What makes a deep learning model such a powerful learning machine? If we think of it as a fancy car, there are two most critical components: One is the structure of neural network (like the car body), which provides an extrodinary complexibility and representation power; The other one is the optimization algorithm (like the car engine), which enables a model to learn from the complicated reality (as represented in the dataset).
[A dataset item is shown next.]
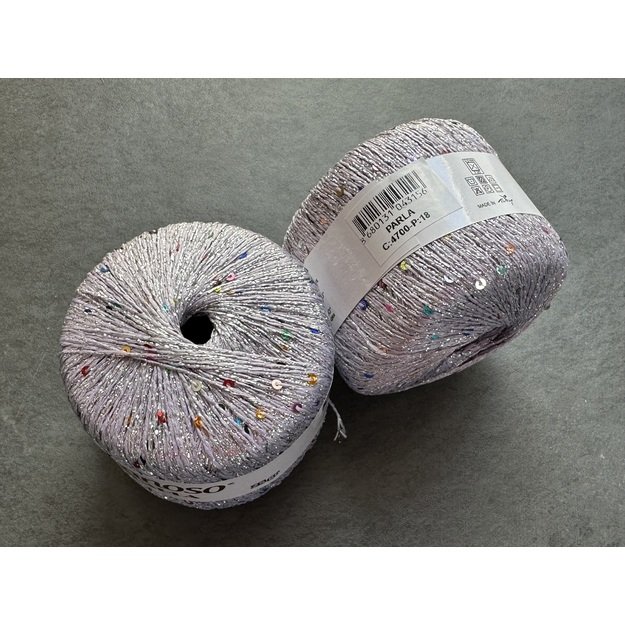 PARLA Lanoso - 75 % Glitter Yarn, 25% Payette Sim , 217 m / 25 Gr, Nr 4700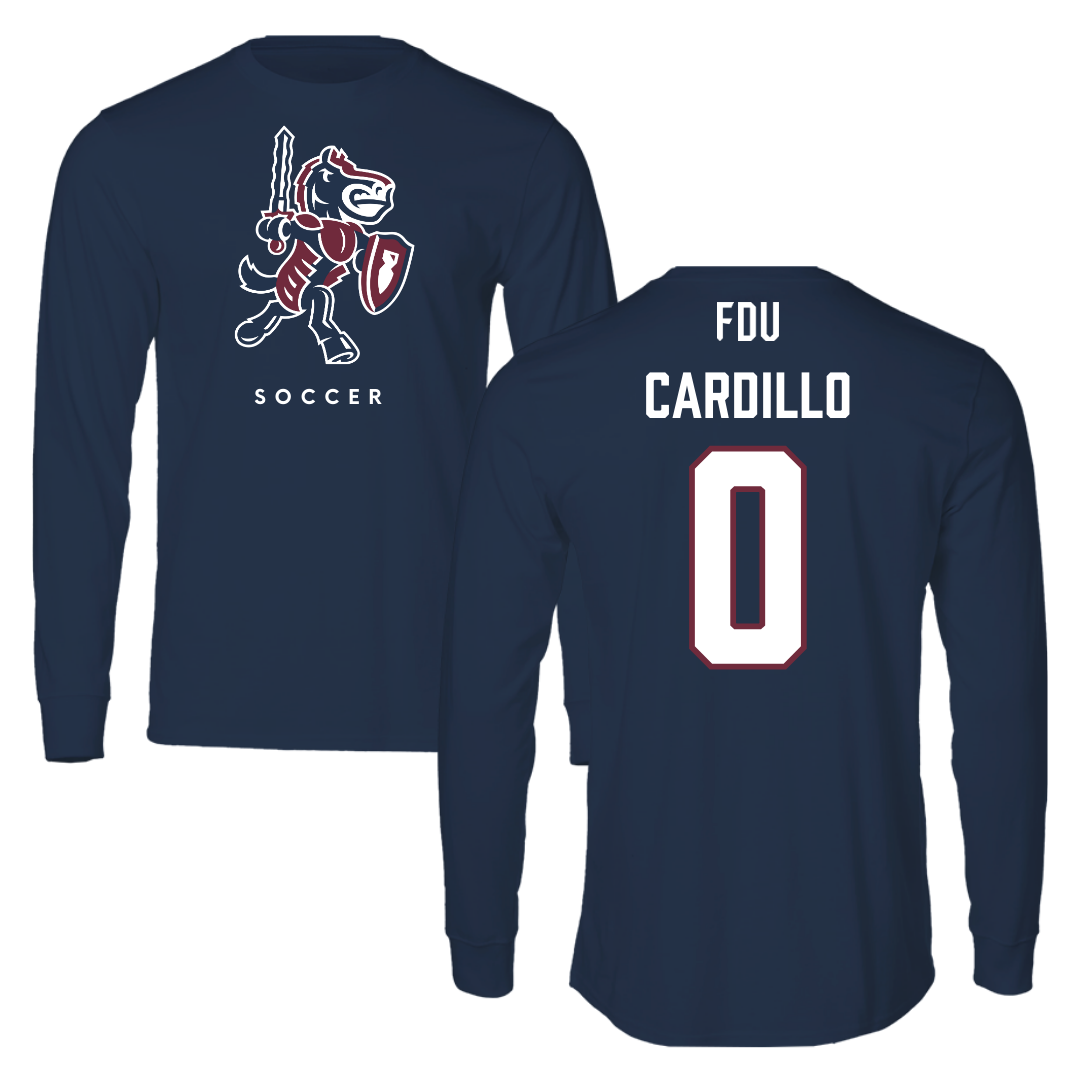 Fairleigh Dickinson University-Metropolitan Campus Soccer Navy Long Sleeve - #0 Faith Cardillo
In this article, we will first dissemble a popular engine, ADAptive Moment estimation (ADAM) optimizer, for deep learning model, and show what parts are there and how they worked together. Secondly, we will walk through the implementation of ADAM optimizer in pytorch and find out the important interfaces where we can test / check its working status.
Let's start with the Stochastic Gradient Descent (SGD) algorithm to update the weights in a neural network. Briefly speaking, the algorithm follows the logic below:
For each time step t:
for each mini-batch p:
W = W - f(dW, alpha)
where $dW = \partial L / \partial W$ is the derivative of the loss function $L$ w.r.t. the weights $W$, and $\alpha$ is a learning rate. For the ordinary SGD, $$f(dW, \alpha) = \alpha \cdot dW$$ For ADAM, $f(dW, \alpha)$ takes a slightly more complex form and we will walk through it next.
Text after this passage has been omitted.